• **Recorded information**:
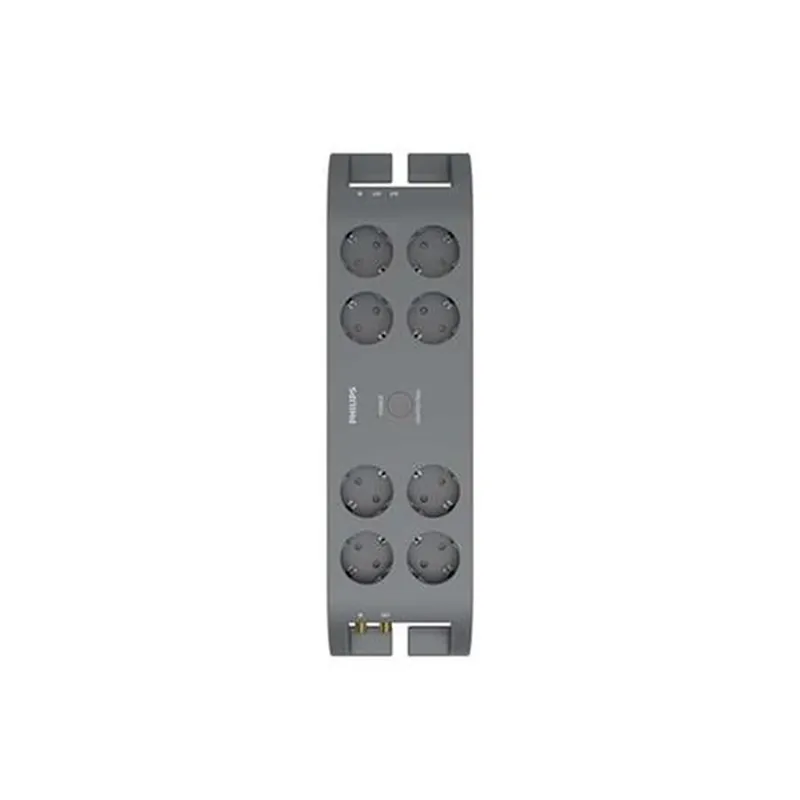 Retur gratuit PHILIPS Protecție la supratensiune splitter 8 priză 2m gri închis PSPN5185A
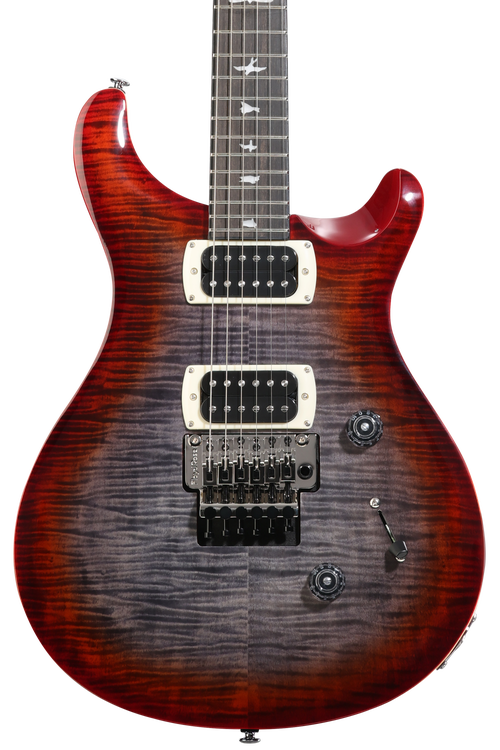 PRS SE Custom 24 Floyd Electric Guitar - Charcoal Cherry Burst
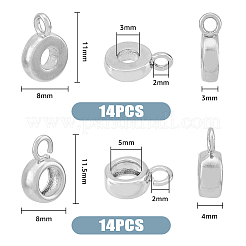 28Pcs 2 Style Brass Tube Bails&nbsp;KK-FH0006-31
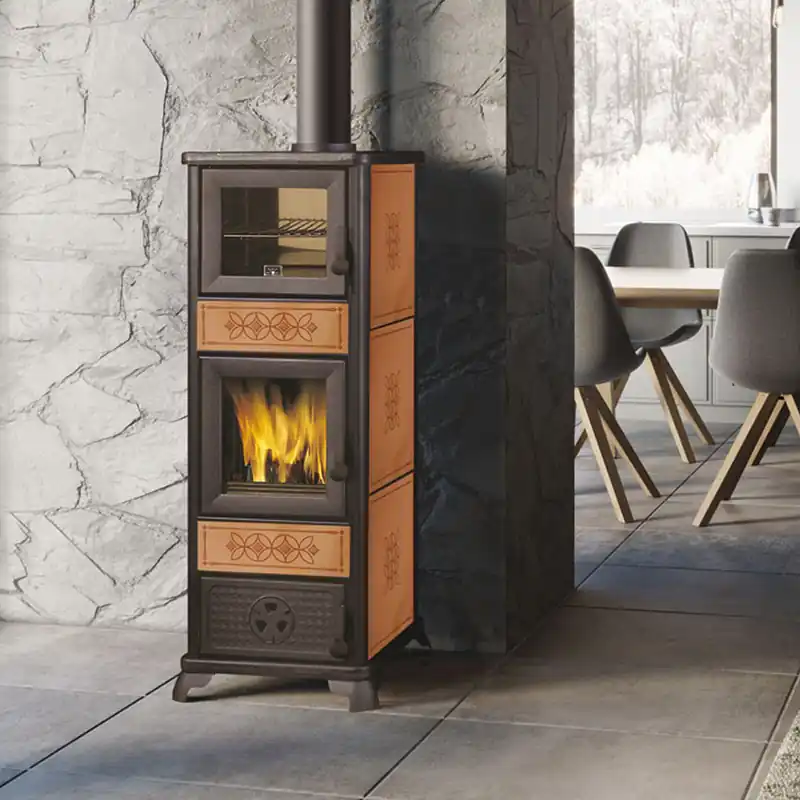 EK63 Decor C Evo Kaminofen Keramik leder Ausverkauf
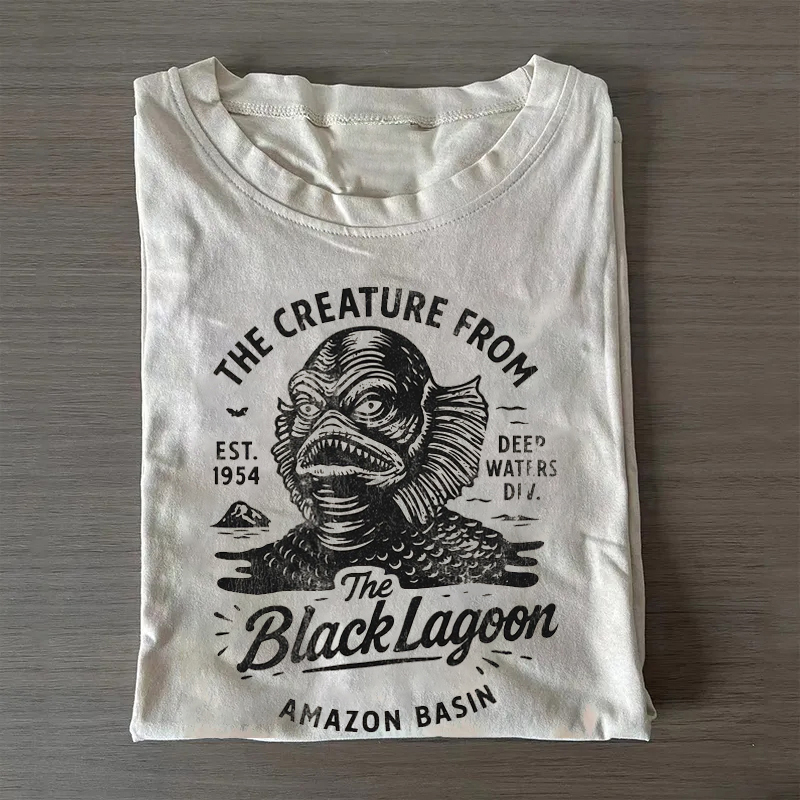 Retro Horror Movie Monster T-shirt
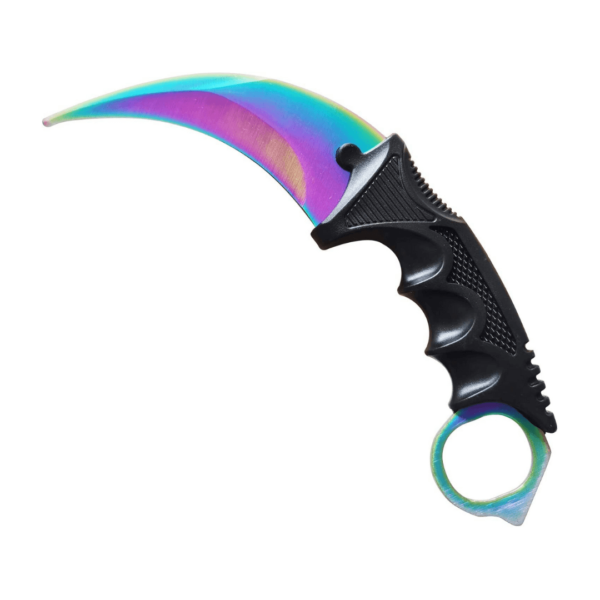 Navaja Karambit Táctica Para Supervivencia Combate Camping - Imagen 3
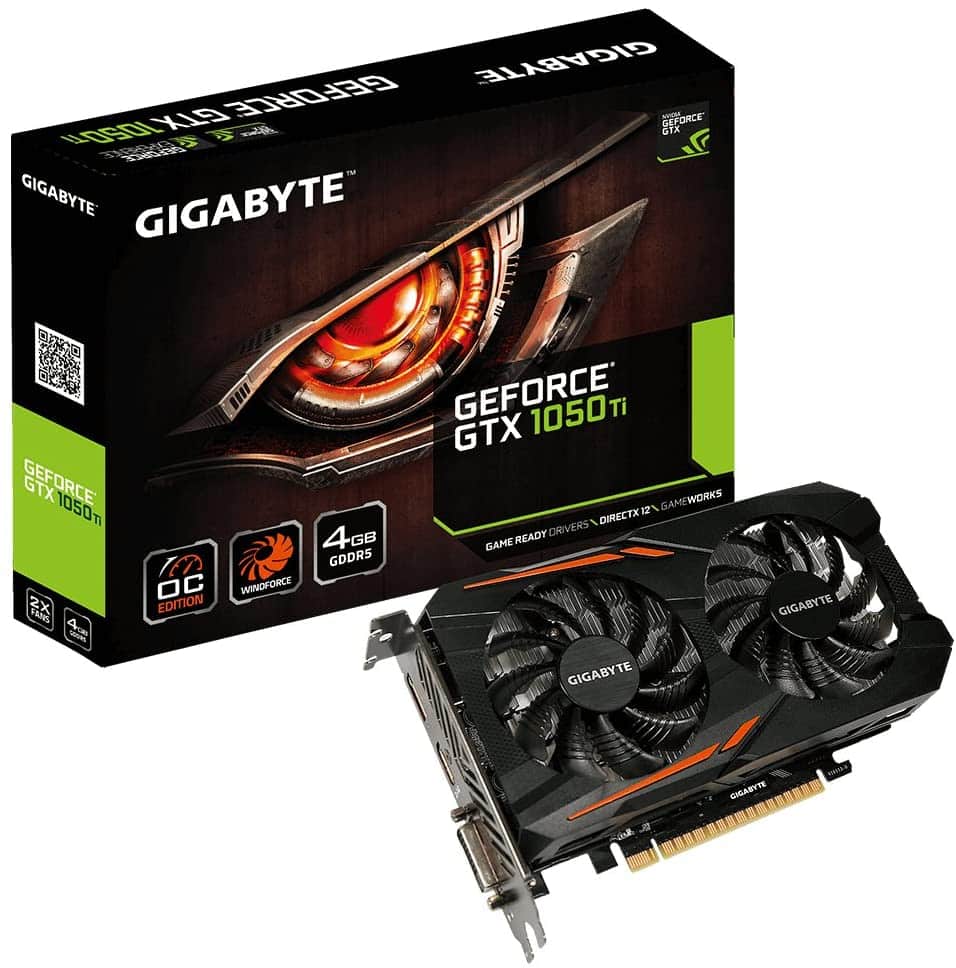GeForce GTX 1050 Ti de Gigabyte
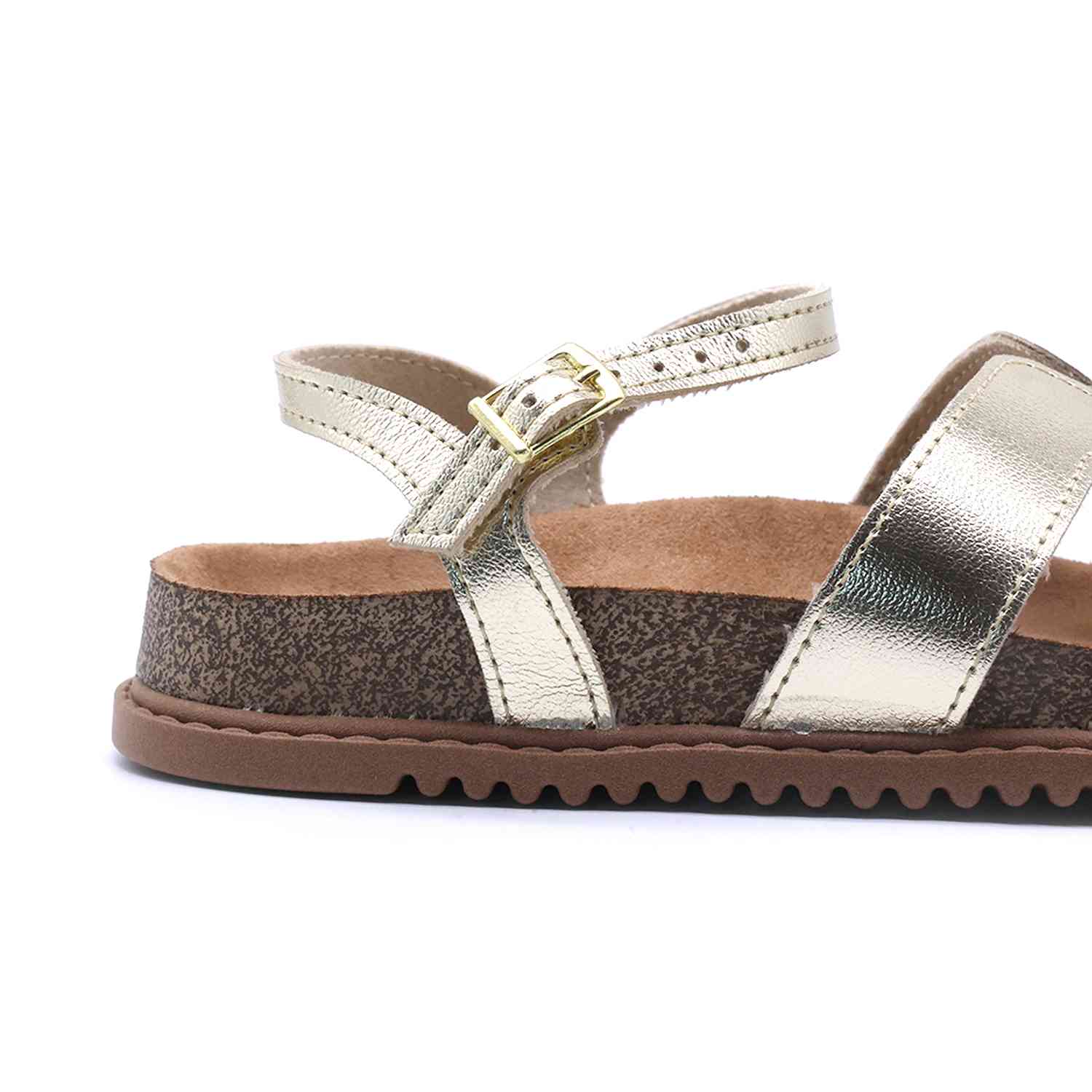 BR Gold Cork Cutout Sandal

• **What to do**: An exact copy of all the entries is required, and it must contain no pictures.

• **Problem solution**:
 Retur gratuit PHILIPS Protecție la supratensiune splitter 8 priză 2m gri închis PSPN5185A
 PRS SE Custom 24 Floyd Electric Guitar - Charcoal Cherry Burst
 28Pcs 2 Style Brass Tube Bails&nbsp;KK-FH0006-31
 EK63 Decor C Evo Kaminofen Keramik leder Ausverkauf
 Retro Horror Movie Monster T-shirt
 Navaja Karambit Táctica Para Supervivencia Combate Camping - Imagen 3
GeForce GTX 1050 Ti de Gigabyte
 BR Gold Cork Cutout Sandal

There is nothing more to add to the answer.